EXCEPTIONALITIES The exceptionalities listed below are identified in the Louisiana Pupil Appraisal Handbook. Exceptionalities and their definitions may vary from state state.
AUTISM – a developmental disability significantly affecting verbal and nonverbal communication and social interaction, generally evident before the age of three that adversely affects a child’s educational performance.
DEAF/BLINDNESS – a combination of hearing and vision impairments which
causes such severe communication and other developmental and educational
problems that such students may require specific educational services to meet
the needs resulting from both impairments.
DEVELOPMENTAL DELAY – an exceptionality in which children, ages 3 through 9 are identified as experiencing delays in one or more of the following areas: physical development, cognitive development, communication development, social or emotional development or adaptive development.
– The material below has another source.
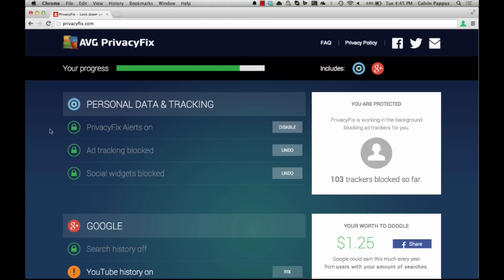We've just looked at how to install AVG Privacy Fix as well as lock down the privacy on your browser. Now we'll look at how to secure your privacy on Google.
EMOTIONAL/BEHAVIORAL DISORDER – a disability characterized by behavioral or
emotional responses so different from appropriate age, cultural or ethical norms  that adversely affect performance.  Performance includes academic, social,  vocational and/or personal skills.  Emotional/Behavioral Disorders can  co-exist  with other disabilities.
HEARING IMPAIRMENT – an auditory sensitivity (as measured by conventional behavioral audiological techniques or physiological measures) so deficient as to significantly interfere with educational performance.
LEARNING DISABILITIES – severe and unique learning problems as a result of significant difficulties in the acquisition, organization or expression of specific academic skills or concepts. These learning problems are typically manifested in school functioning as significantly poor performance in such areas as reading, writing, spelling, arithmetic reasoning and calculation, oral expression or comprehension, or the acquisition of basic concepts.
MULTIPLE DISABILITIES – a combination of disabilities which causes such severe educational problems that these pupils cannot be accommodated in special education programs solely for one of the impairments.
NON-CATEGORICAL PRESCHOOL – an exceptionality in which students three years through age five; but not enrolled in a state approved kindergarten, are identified as having a disabling condition which is described according to functional or developmental levels, as mild/moderate or severe/profound.
OTHER HEALTH IMPAIRMENTS – limited strength, vitality and alertness due to chronic or acute health problems. ORTHOPEDIC IMPAIRMENTS – a severe orthopedic disability which adversely affects a student’s educational performance.
TRAUMATIC BRAIN INJURY – an acquired injury to the brain caused by an external physical force, resulting in total or partial functional or psychosocial impairment, or both, that adversely affects a student’s educational  performance.